Media
Overview
Flare CMS stores media files in Cloudflare R2 — an S3-compatible object storage service. R2 has no egress fees, making it ideal for serving images and files at scale.
Media is managed through the admin UI and accessible via the REST API.
Storage architecture
Upload request
↓
Worker receives file
↓
Store in R2 (MEDIA_BUCKET binding)
↓
Record metadata in D1 (media table)
↓
Return media URLEach uploaded file gets:
- An R2 object key (the storage path)
- A database record with metadata (filename, mime type, size, dimensions)

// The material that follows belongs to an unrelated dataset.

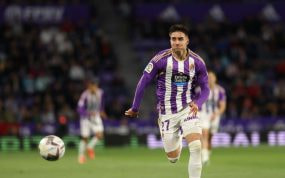 Iván Fresneda en un partido del Real Valladolid.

- A public URL for serving
Uploading media
Single file upload
Upload a file through the API:
curl -X POST http://localhost:8787/api/media \
-H "Authorization: Bearer YOUR_TOKEN" \
-F "file=@photo.jpg"Admin UI upload
In the admin panel, navigate to Media in the sidebar. You can:
- Drag and drop files
- Click to browse and select files
- Upload multiple files at once
Serving files
Media files are served through the /files/* route:
GET /files/{object-key}For example:
http://localhost:8787/files/uploads/2024/photo.jpgCaching
Media responses are cached at the edge using the Cache API:
- First request fetches from R2 and caches the response
- Subsequent requests are served from the edge cache
- Cache headers:
public, max-age=31536000, s-maxage=31536000, immutable - CORS headers are set automatically (
Access-Control-Allow-Origin: *)
The Cache API only works on custom domains. On *.workers.dev URLs and in local development, every request hits R2 directly. This is a Cloudflare platform limitation, not a bug.
Custom domain
For production, you can serve media from a custom domain. Flare CMS is configured to use:
images.flarecms.devSet the MEDIA_DOMAIN environment variable in wrangler.toml:
[vars]
MEDIA_DOMAIN = "images.flarecms.dev"When set, media URLs in API responses will use the custom domain instead of the worker URL.
Image metadata
When you upload an image, Flare CMS extracts metadata:
| Field | Description |
|---|---|
filename | Original filename |
mimeType | MIME type (e.g., image/jpeg) |
size | File size in bytes |
width | Image width in pixels |
height | Image height in pixels |
This metadata is stored in the media table and returned in API responses.
Virtual folders
Media can be organized into virtual folders. These aren't actual filesystem directories — they're prefixes on the R2 object key:
uploads/
blog/
hero-image.jpg
thumbnail.png
team/
headshot.jpgThe admin UI shows these as a folder tree for easy browsing.
Media API endpoints
| Method | Endpoint | Description |
|---|---|---|
GET | /api/media | List all media files |
POST | /api/media | Upload a new file |
GET | /api/media/{id} | Get media metadata |
DELETE | /api/media/{id} | Delete a media file |
GET | /files/{key} | Serve a media file (public) |
List media
curl http://localhost:8787/api/media \
-H "Authorization: Bearer YOUR_TOKEN"Response:
{
"data": [
{
"id": "media-123",
"filename": "hero.jpg",
"mimeType": "image/jpeg",
"size": 245000,
"width": 1920,
"height": 1080,
"url": "/files/uploads/hero.jpg",
"createdAt": 1709856000000
}
]
}R2 binding configuration
The R2 bucket is configured in wrangler.toml:
[[r2_buckets]]
binding = "MEDIA_BUCKET"
bucket_name = "my-astro-cms-media"During local development, wrangler dev creates a local R2 emulation. Files uploaded locally are stored in .wrangler/state/ and won't appear in your production R2 bucket.